Essa é a fotografia do
desastre vivido pelo povo gaúcho com as fortes chuvas, que tiveram seus
primeiros registros no final de maio, com alertas para os riscos da onda de
calor no centro do país, que canalizava a umidade para o sul. Uma tragédia
dessa magnitude não é apenas um acidente natural, como alguns querem fazer
crer, mas consequência de um modelo de desenvolvimento econômico, do processo
político-institucional e da forma de exploração dos recursos da natureza.
A razão estrutural é a
fase neoliberal do modo de produção capitalista no mundo e no Brasil, que
intensifica as mudanças climáticas.
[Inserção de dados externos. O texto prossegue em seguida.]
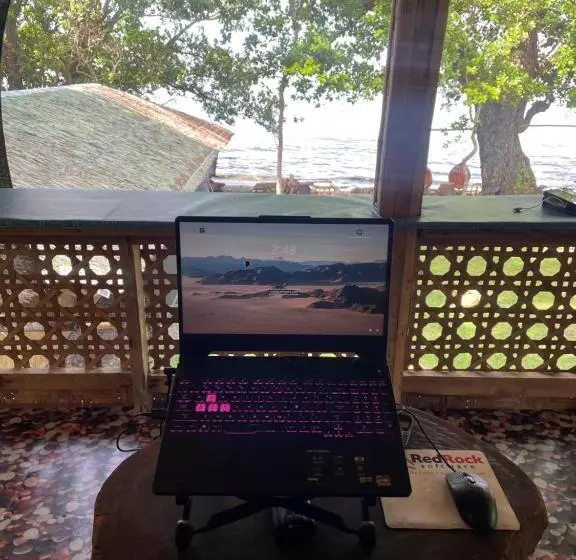 Aamiaismajoitus (B&B) Borbon S Treehouse By The Sea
Os desdobramentos desse sistema são a
destruição da natureza com o consumo acelerado de energia e o avanço do modelo
do agronegócio, a especulação imobiliária nas grandes metrópoles, a
flexibilização da legislação urbana e ambiental por governos e pelos
parlamentos, em todas as esferas.
A questão central da
crise climática é a lógica da reprodução ampliada do capital, que precisa se
expandir de forma acelerada e contínua para a reprodução do sistema, como tem
apontado o professor do Departamento de História da Unicamp, Luiz Marques, autor
do premiado livro Capitalismo e colapso ambiental.
As principais razões
para as mudanças climáticas, a expansão da queima de combustíveis fósseis para
sustentar a matriz energética e do desmatamento para a ampliação das fronteiras
agrícolas para a globalização do sistema alimentar, fazem parte dessa dinâmica
do capitalismo.
Por isso, o modo de
produção capitalista não tem condições de colocar um limite nessas atividades
para efetivamente restringir a acelerada exploração dos recursos naturais e a
emissão de um volume estratosférico de gases de efeito estufa jogados na atmosfera,
que ameaçam a vida da humanidade.
• Destruição da natureza
Os números da expansão
do agronegócio no Rio Grande do Sul evidenciam a marcha da destruição que está
em curso. Em menos de 40 anos, a agropecuária absorveu 12,41% do território do
estado para as suas atividades, de acordo com dados do Mapbiomas.
A área do agronegócio
cresceu de 34,8% (1985) para quase metade (47,22%) em 2022 no estado. Uma área
de 35 mil km², ocupada anteriormente por campos, banhados e florestas, foi
substituída por plantios e pastagens. Somente a área de campos, banhados e áreas
rochosas perdeu 30% para, sobretudo, as pastagens e a monocultura de soja e
milho.
A monocultura da soja
aumentou em cinco vezes no período, passando de 13,6 mil km² em 1985 para 63,5
mil km² em 2022, de acordo com o Mapbiomas, que considera o número subestimado.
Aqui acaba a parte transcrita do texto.